The entries are to be reproduced word for word, with all images left out.
-- Dataset entries follows --
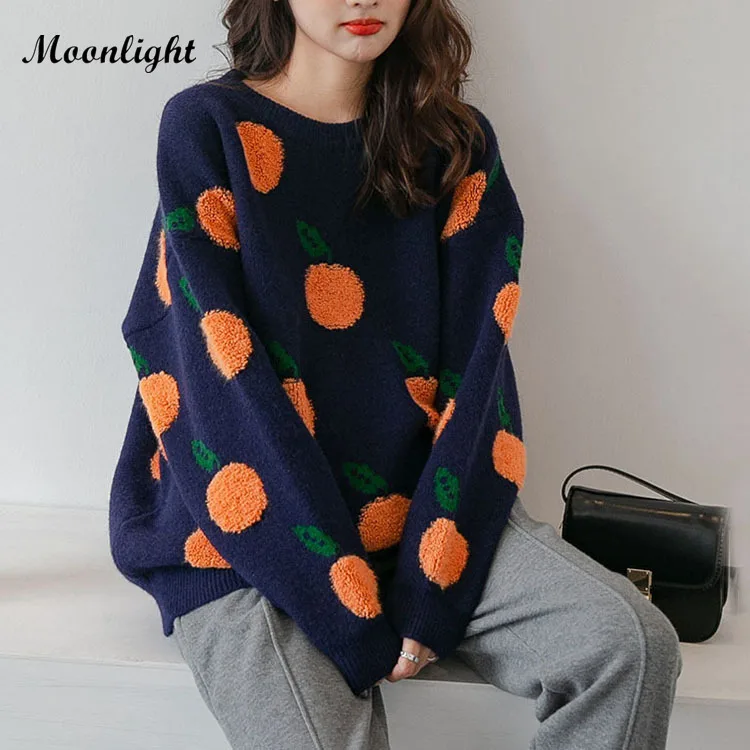 Korean Emobroidery Sweater Women Autumn Vintage Design Warm Oversize Pullover Female O-Neck Loose Jumper Casual Winter Knit Tops
Korean Emobroidery Sweater Women Autumn Vintage Design Warm Oversize Pullover Female O-Neck Loose Jumper Casual Winter Knit Tops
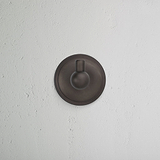 Bronze Hyde Hook on White Background Birds Eye View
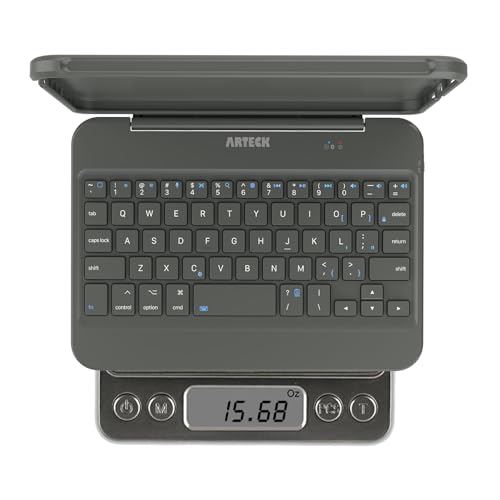 Arteck 8" x 5.9" A17 Pro iPad Mini Keyboard Case Bluetooth Rechargeable QWERTY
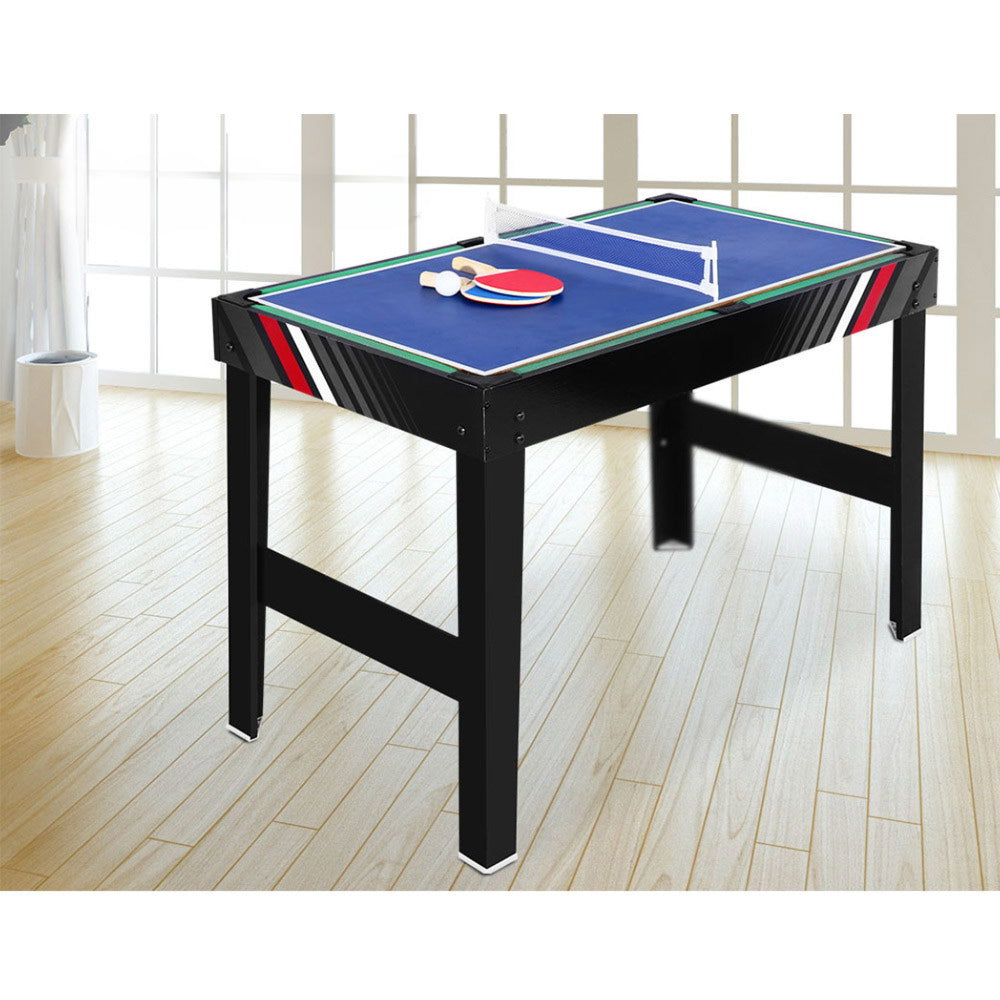 4FT 4-In-1 Soccer Table Tennis Ice Hockey Pool Game Football Foosball Kids Adult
-- Dataset entries concluded --
Reply to the task:
 Korean Emobroidery Sweater Women Autumn Vintage Design Warm Oversize Pullover Female O-Neck Loose Jumper Casual Winter Knit Tops
Korean Emobroidery Sweater Women Autumn Vintage Design Warm Oversize Pullover Female O-Neck Loose Jumper Casual Winter Knit Tops
 Bronze Hyde Hook on White Background Birds Eye View
 Arteck 8" x 5.9" A17 Pro iPad Mini Keyboard Case Bluetooth Rechargeable QWERTY
 4FT 4-In-1 Soccer Table Tennis Ice Hockey Pool Game Football Foosball Kids Adult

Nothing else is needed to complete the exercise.